In episode 56 of The Secure Developer, Guy Podjarny talks to Seth Vargo. Seth is the author of ‘Learning Chef’ and is passionate about reducing inequality in technology. He is currently a Developer Advocate at Google. This discussion is centred around the talk Seth gave at DevSecCon Seattle – “Secrets In Serverless”.
Seth Vargo is a Developer Advocate at Google. Previously he worked at HashiCorp, Chef Software, CustomInk, and a few Pittsburgh-based startups. He is the author of Learning Chef and is passionate about reducing inequality in technology. When he is not writing, working on open source, teaching, or speaking at conferences, Seth enjoys spending time with his friends and advising non-profits.
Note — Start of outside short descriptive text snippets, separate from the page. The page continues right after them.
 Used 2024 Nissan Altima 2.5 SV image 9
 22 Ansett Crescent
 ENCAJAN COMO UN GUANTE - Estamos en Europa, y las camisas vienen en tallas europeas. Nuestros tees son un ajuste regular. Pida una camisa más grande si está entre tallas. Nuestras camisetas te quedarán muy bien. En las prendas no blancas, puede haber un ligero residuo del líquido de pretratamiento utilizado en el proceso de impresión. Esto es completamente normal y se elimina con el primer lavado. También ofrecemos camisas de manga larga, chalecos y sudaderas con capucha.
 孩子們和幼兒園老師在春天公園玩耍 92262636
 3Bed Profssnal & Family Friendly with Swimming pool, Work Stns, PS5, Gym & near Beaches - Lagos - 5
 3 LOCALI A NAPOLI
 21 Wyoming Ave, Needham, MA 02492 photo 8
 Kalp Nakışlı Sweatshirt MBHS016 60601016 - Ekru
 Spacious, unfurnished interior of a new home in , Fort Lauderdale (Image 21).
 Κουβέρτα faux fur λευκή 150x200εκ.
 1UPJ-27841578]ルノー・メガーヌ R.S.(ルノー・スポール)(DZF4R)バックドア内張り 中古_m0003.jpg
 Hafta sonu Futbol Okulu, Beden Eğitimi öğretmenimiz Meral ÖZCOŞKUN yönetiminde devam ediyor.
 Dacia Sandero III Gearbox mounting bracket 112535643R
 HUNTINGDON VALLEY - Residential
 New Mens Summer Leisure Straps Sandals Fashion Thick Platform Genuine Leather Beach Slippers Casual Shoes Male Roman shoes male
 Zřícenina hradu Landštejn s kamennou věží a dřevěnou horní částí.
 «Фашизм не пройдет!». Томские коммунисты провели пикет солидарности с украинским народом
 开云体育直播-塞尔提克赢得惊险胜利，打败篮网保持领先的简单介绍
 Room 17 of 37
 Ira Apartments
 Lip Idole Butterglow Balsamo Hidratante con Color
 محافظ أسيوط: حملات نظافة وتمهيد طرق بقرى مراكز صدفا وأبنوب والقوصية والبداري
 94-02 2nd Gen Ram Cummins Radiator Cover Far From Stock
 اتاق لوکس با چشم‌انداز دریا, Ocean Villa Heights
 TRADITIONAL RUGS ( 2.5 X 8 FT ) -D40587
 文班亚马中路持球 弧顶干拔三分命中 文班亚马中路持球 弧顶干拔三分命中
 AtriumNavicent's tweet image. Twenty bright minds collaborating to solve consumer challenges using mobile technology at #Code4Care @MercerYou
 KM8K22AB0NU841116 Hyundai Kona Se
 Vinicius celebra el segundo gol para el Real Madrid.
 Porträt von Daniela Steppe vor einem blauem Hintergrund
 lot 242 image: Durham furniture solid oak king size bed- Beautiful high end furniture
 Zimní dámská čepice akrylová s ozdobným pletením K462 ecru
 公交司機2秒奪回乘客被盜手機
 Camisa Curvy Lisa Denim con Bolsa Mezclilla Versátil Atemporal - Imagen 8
On today’s episode, Guy Podjarny, President and cofounder of Snyk, talks to Seth Vargo at DevSecCon Seattle. Seth previously worked at HashiCorp, Chef Software, CustomInk, and a few Pittsburgh-based startups. He is the author of Learning Chef and is passionate about reducing inequality in technology. Today, he is now a developer advocate at Google and is passionate about the human element of security. This discussion is centered around the talk Seth gave at DevSecCon Seattle titled, Secrets in Serverless. In this episode, we flesh out one of the core principles of this talk which is that security is not binary. Here we explore the often-unseen side of security and how developers can prevent or limit attacks by assuming from the get-go that their secrets will be leaked! If you’re looking for practical, in-depth advice, as well as a leading, expert strategy that will shift your view on managing secrets in serverless – then this is the episode for you!
Guy Podjarny: Hello everyone. Welcome back to The Secure Developer. Today, we have another DevSecCon edition – version of it – and we have with us Seth Vargo from Google. Thank for joining us, Seth.
Seth Vargo: Cool. Thanks, Guy. Thanks for having me on the show. I’m really excited to be here and talk a little bit about secrets.
Guy: Secrets. Talking about secrets is always best. Before we talk about secrets, first secret, what is it that you do?
Seth: Well, if I tell you, I have to kill you. No. So, I work for Google. I work on the developer relations team at Google. My day is spent in a triad of things. I’m out with communities. That’s why I’m here at DevSecCon Seattle, meeting with users, figuring out what security challenges they’re having. Then I’m also coming and kind of taking that feedback, synthesizing it. I like to say I translate customer into engineer. But I take that back and work with our product and engineering teams to make sure that our products are meeting the needs of what the communities are telling me they want out of security products, or just products in general.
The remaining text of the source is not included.